Mindful warriors study: the combined effect of mindfulness and Yoga on Soldier Mental Health in Basic Combat Training.

My personal experiences with mindfulness and body-mind practices have been nothing short of transformative. In my work, in law enforcement, in martial arts and especially personally. First as a great training for developing attention and focus, developing meta awareness (paying attention to my attention). Second for developing calmness and reducing to much reacitvity. Third, as a spiritual practice of being at ease with the present and not getting lost in stories/thought identification. So I am biased about the positive value of formal and informal mindfulness/meditation/yoga practice.

For me personally – we go to the study soon – the difference between being mindful and being mindfull is simple. One is grounded in the present whereas the other pulls us into thoughts of the past and/or future. To be mindful is to be aware of what is present, here and now. It is to be awake to our immediate experience. It is to ‘take in’ the moment with curiosity and non-judgment. To be mindfull is to be filled with thoughts – and typically, to be ‘lost’ in these thoughts. Within a matter of seconds, we could be thinking about dinner, last night’s date, and tomorrow’s meeting.

The study (1)

Back to the study which examined the combined effect of mindfulness and Yoga on Soldier Mental Health in Basic Combat Training (1). Note two of the authors: Amishi P. Jha is the author of the great book Peak Mind and Amy Adler developed the ICover protocol for the Army!

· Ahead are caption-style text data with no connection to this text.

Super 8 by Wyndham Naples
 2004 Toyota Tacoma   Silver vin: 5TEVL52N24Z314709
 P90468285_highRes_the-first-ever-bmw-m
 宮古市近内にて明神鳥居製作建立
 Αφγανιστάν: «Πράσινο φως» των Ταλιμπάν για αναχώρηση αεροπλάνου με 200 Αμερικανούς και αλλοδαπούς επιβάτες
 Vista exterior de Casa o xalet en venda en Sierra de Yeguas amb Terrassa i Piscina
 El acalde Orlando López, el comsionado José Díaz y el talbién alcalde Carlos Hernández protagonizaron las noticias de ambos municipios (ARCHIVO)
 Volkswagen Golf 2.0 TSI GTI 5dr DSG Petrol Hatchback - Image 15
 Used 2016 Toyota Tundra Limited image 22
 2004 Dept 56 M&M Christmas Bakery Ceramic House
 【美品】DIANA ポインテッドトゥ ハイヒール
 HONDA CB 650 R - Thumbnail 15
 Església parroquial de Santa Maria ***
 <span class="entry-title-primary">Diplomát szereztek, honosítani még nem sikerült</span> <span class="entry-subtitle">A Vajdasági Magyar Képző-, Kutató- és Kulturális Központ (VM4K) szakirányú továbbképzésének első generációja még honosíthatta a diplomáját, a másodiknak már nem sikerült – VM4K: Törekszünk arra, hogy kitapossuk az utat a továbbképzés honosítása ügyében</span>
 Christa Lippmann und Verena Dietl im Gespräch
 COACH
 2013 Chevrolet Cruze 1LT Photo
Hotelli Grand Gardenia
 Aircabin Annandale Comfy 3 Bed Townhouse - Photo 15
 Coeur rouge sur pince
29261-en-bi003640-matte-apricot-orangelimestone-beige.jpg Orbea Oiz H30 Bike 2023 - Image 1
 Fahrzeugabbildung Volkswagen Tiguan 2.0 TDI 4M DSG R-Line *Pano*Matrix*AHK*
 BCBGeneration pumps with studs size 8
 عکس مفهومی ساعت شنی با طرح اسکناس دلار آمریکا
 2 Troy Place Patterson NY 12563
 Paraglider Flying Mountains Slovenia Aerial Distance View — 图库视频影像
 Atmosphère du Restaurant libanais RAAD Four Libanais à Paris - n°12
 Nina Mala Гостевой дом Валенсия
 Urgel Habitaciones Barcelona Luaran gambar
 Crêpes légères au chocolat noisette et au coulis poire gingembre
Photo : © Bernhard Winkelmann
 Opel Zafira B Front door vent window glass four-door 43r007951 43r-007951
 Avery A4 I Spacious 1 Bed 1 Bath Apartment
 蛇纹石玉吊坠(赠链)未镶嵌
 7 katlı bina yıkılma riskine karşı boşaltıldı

Before we discuss the background and results, there was something that struck me and was very appealing: embedded practices! As the authors themselves point out:

While formal practice is beneficial, it may be important to supplement training programs with embedded practices that are incorporated into work activities. Although little is known about the effects of embedding practice, this research gap is essential to address given the potential advantage of bringing mindfulness into work-related activities”. This was also a theme (embedded practice) that Ytterbol mentioned in his work with mental skill training for the Norwegian Army (2).


Depression, anxiety, and sleep problems are prevalent in high-stress occupations including military service. While effective therapies are available, scalable preventive mental health care interventions are needed. This study examined the impact of a combined mindfulness and yoga intervention on the mental health of soldiers in Basic Combat Training (BCT).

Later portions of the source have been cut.